Apontamentos (incompletos) sobre a liberdade

Quanto mais obedientes, mais livres somos.
(santo Agostino)
 
     Uma questão que me inquieta amiúde é a liberdade. Um conceito equívoco, discutido nas mais diversas áreas do saber. Particularmente, o campo da fé precisa tê-lo em boa conta e, apesar das dificuldades de entendimento que dele derivam, sem uma noção clara do que seja a liberdade humana e a liberdade divina, o próprio ato de fé e sua prática podem ficar comprometidos, lesados ou distantes da sua essência.
 
     Deus corre riscos quando dá ao ser humano o dom da liberdade? É possível experimentá-la sem condicionamentos? Se sim, é certo afirmar que não há limites na liberdade? Se não, como justificar suas fronteiras? Percebe-se logo o quanto é exigente sua conceituação. Não podemos olvidar, para que não confundamos liberdade com libertinagem que, dito a grosso modo, significa fazer o que quiser, que junto à ideia que se teça de liberdade, necessariamente, é preciso ter presente a dimensão da consciência, da ética, da moral, valores estes condicionados a outros inúmeros fatores – educação, política, costumes, cultura e, claro, religião.
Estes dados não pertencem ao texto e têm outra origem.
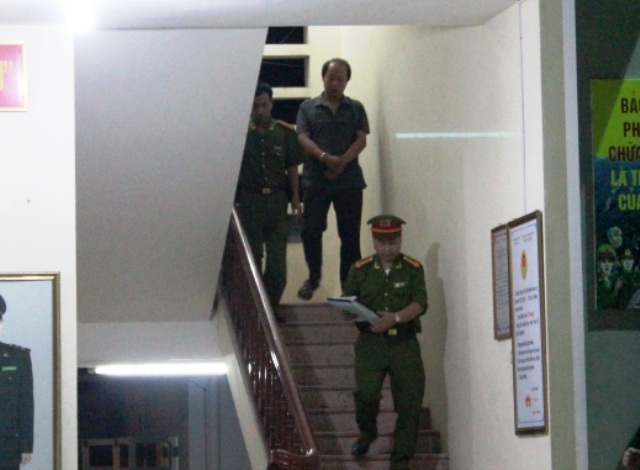 Một cán bộ kiểm lâm bị còng tay dẫn giải đi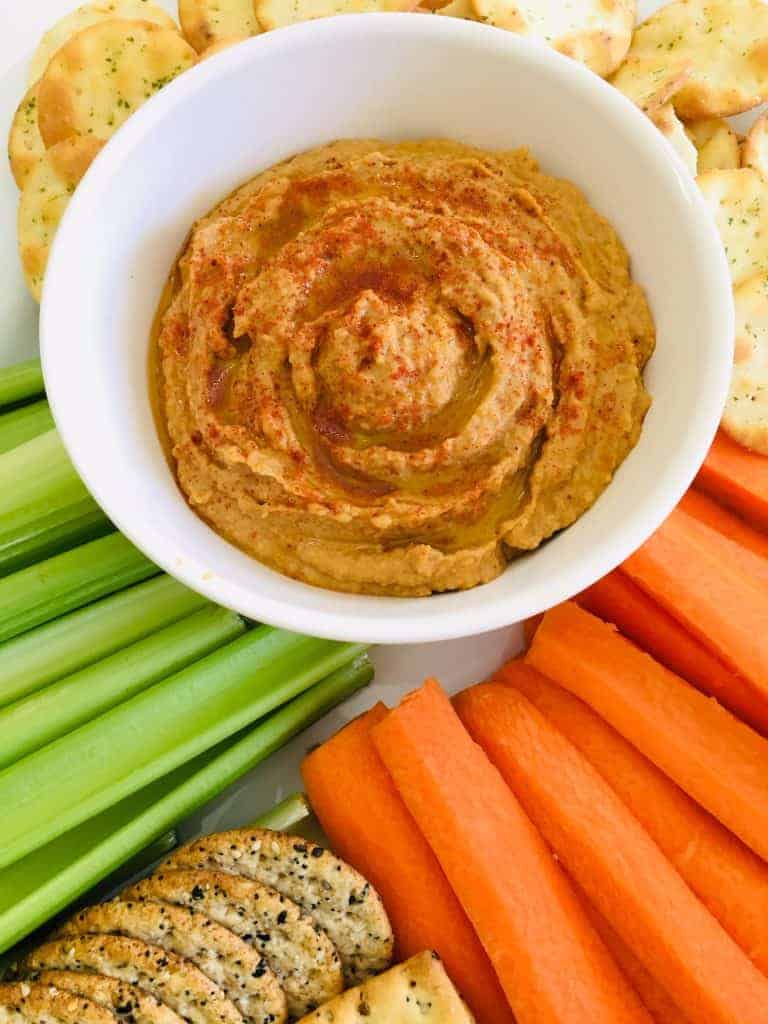 Bowl of peanut butter dip and vegetable sticks - carrots and celery- and chips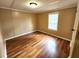 Cozy bedroom with hardwood floors, neutral paint, and a window, providing a calm and comfortable retreat at 149 Old Red Hill Rd, Ridgeville, SC 29472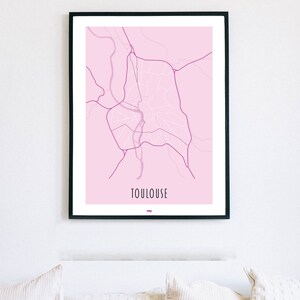 Może przedstawiać: Wydruk w ramie przedstawiający r&oacute;żową mapę Tuluzy we Francji. Mapa jest w czarnej ramie, a nazwa miasta jest wydrukowana na dole mapy czarnym kolorem.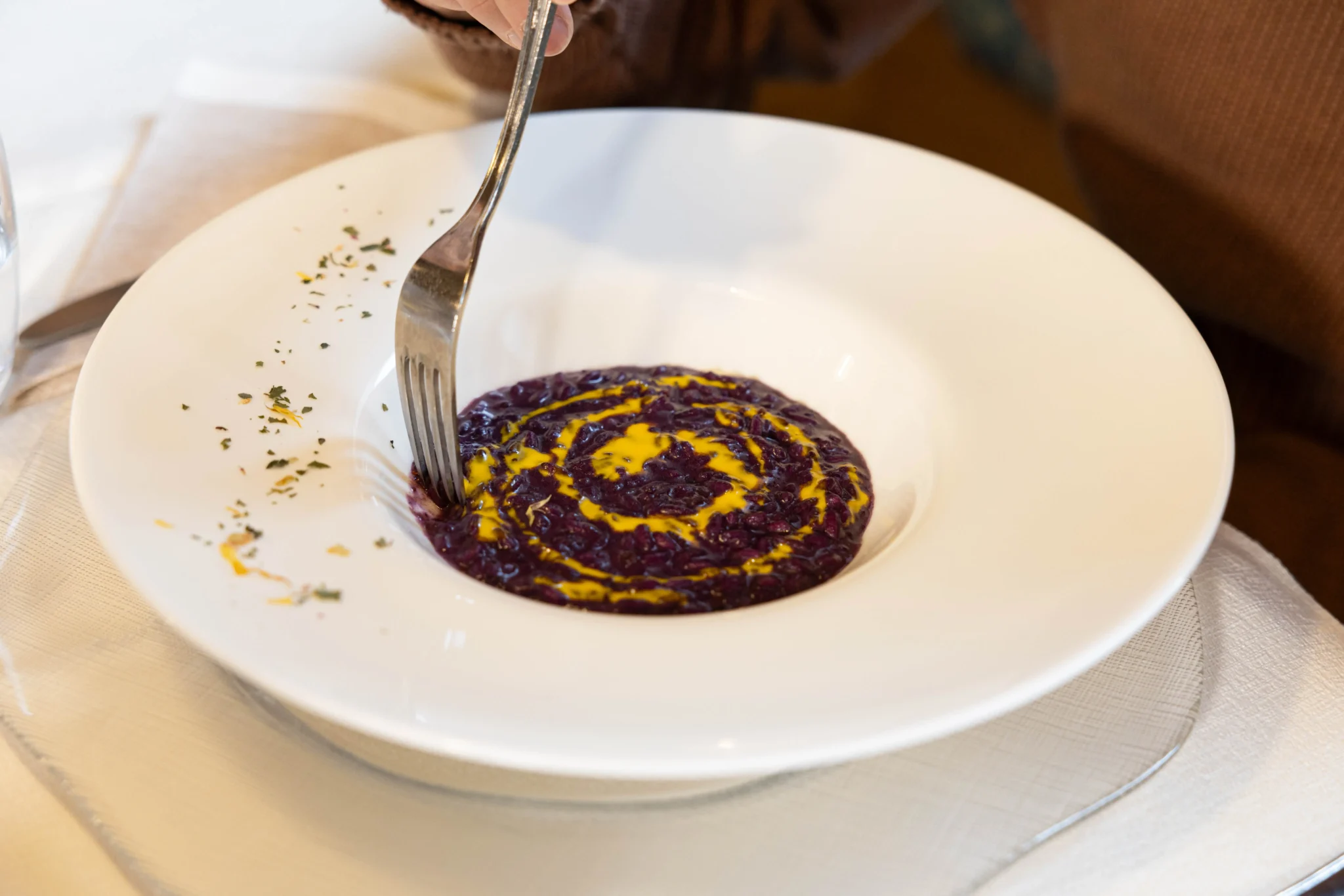 Risotto al vino rosso decorato con crema gialla in un piatto bianco.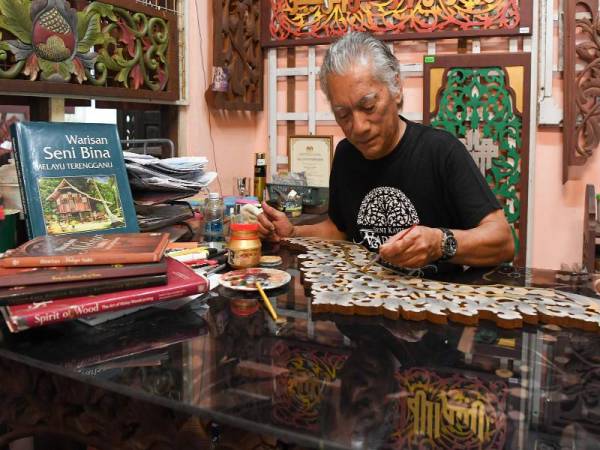 Pemilik Seni Kayu Warisan, Burhan Ashari melakukan proses mewarna berkonsepkan Melayu pada ukiran kayu ketika ditemui di bengkelnya di Kampung Pulau Rusa. - Foto Bernama
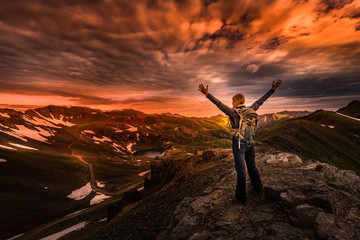 Young Woman Backpacker in Victory Pose with raised up arms on top of the Mountain Colorado USA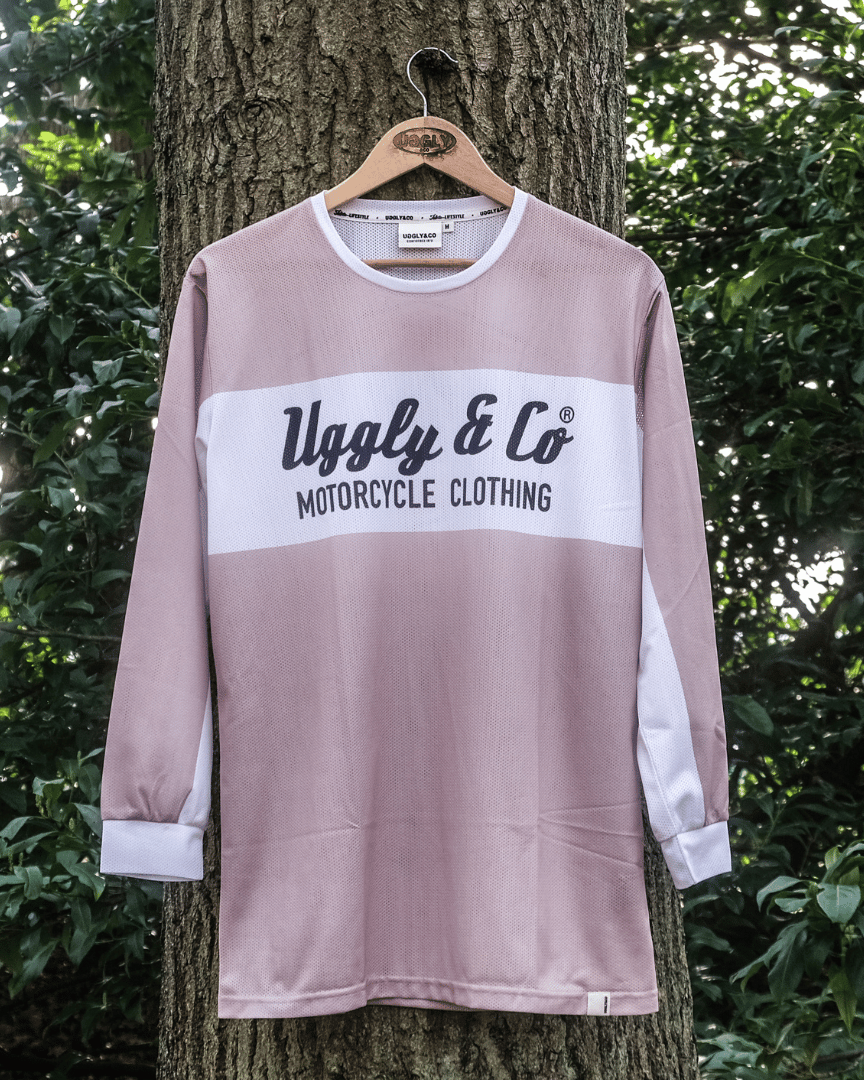 A beige motocross jersey with a diamond logo and the brand name 'Uggly&Co Motorcycle Clothing' on the front and back, hanging on a tree, front view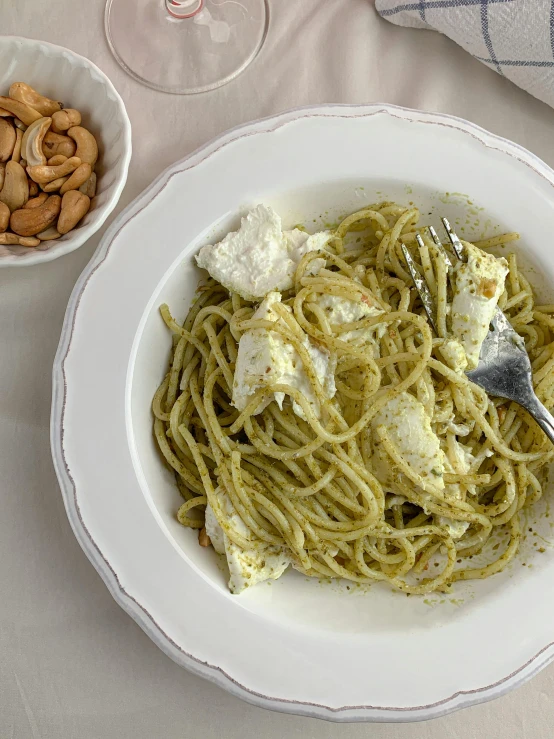 pasta with ricotta cheese, almonds and wine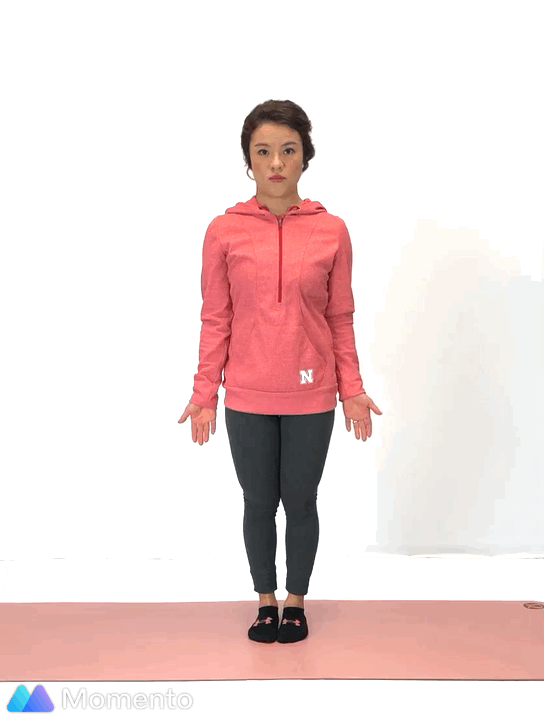 An individual modeling how to do a tree yoga pose.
     Talvez aqui no vemos diante dos primeiros limites da discussão acerca da liberdade: os pontos de partida. Por um lado, eles delimitam muitas coisas, por outro, alargam os horizontes da razão. Se levamos em conta o nome Deus nos vemos diante de agravantes sérios, seja do ponto de vista teológico, filosófico, psicológico, histórico e cultural. Se nos furtarmos à ideia de Deus, igualmente, outros pesos e medidas serão usados de modo arbitrário ou inconsequente ao se tentar compreender o que seja liberdade.

     Como não há consenso possível, é preciso firmar os pés em alguns pressupostos. Eu parto do princípio de que há Deus, há fé e ambos precisam ser levados em voga ao se abordar a pauta liberdade. Se não houvesse Deus, seríamos escravos de nós mesmos. Porque Deus existe e nele não há possibilidades nenhuma de habitar o mau, somente em si e a partir de si, pensamos ser possível uma liberdade sadia, justa, equânime, verdadeira, prazerosa e que cause benefício não só àquele que a experimenta, mas também a todo o restante da humanidade. Um exemplo claro do que seria uma liberdade que traria proveito, supostamente, apenas ao indivíduo, é o uso livre da inteligência para a construção de um instrumento que deixasse rico seu progenitor, embora lesasse uma multidão – uma arma, um programa, um vírus. Um exemplo do que entendemos ser a correta liberdade é a criação de algo – um remédio, um utensílio – ao qual todos tivessem acesso, sendo que quem o descobriu herdasse como recompensa exclusivamente o bem-estar dos que usufruírem de sua ideia.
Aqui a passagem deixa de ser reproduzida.